On August 14, 2017, the Southern District of New York determined that Costco Wholesale Corp. owed Tiffany and Co. over $19 million in damages for trademark infringement.
The case arose out of Costco’s marketing and display of non-Tiffany-brand solitaire diamond rings proximate to signage reading “Platinum Tiffany” and “Round Diamond Ring,” or “Platinum Tiffany” and “Round Brilliant Solitaire Ring.” On September 8, 2015, the court granted Tiffany summary judgement, holding Costco liable for trademark infringement and trademark counterfeiting. A jury trial was subsequently held on Tiffany’s claim seeking damages, including profits, and statutory and punitive damages. The jury estimated Costco’s profits dating back to 2007 to be $3.7 million, but finding that sum inadequate to compensate Tiffany, added a further $1.8 million to the award. In addition, the jury awarded Tiffany $2 million in statutory damages and $8.25 million in punitive damages.

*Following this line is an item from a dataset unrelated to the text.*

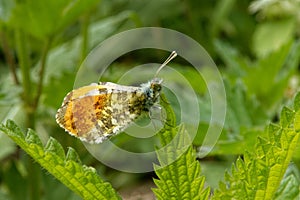 Orange tip, Anthocharis cardamines (family Pieridae), a butterfly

The court treated the jury’s profit determination as advisory, reciting its own independent findings of fact and conclusions of law. It found that Tiffany had proved that Costco’s sales, net of returns, were approximately $7.2 million during the relevant period. The court was unpersuaded by Costco’s expert’s testimony that Costco’s profits were limited to a 10.31% margin because credible evidence showed that Costco’s profits also include substantial sums derived from warehouse membership fees, which enable Costco to charge less of a markup on individual products. Accordingly, the court stated:
In light of the role of the membership fees in Costco’s business model and of its use of Tiffany’s mark in selling fine jewelry, which is prominently displayed at the entrance of the stores to catch the eye of the customer, the Court finds it necessary and appropriate as an equitable matter to impute a sufficient portion of the membership revenue to the sale of these rings to bring the recoverable profit margin on the rights into the profit margin range of a typical run-of-the-mill jewelry store, which is approximately 50-100%.
Because of this, the court found the jury’s advisory award of $3.7 million in profits, which was slightly more than 50% of the sales revenue proven in connection with those sales, was an appropriate award attributable to the infringing sales. It disagreed, however that this award was inadequate and that an additional award of $1.8 million was necessary. Finding no extenuating circumstances that warranted a denial of treble damages, the court found Tiffany was entitled to recover $11.1 million total, as well as its reasonable attorney’s fees.
The court rejected Costco’s arguments regarding the punitive damages award, finding it allowable under New York law, justified by the trial evidence, and not unconstitutional or otherwise excessive. The final tally: Tiffany was entitled to recover trebled profits of $11.1 million (or, in the alternative, $2 million in statutory damages), and punitive damages of $8.25 million.
The case is Tiffany and Co. v. Costco Wholesale Corp., No. 1:13-cv-01041-LTS-DCF.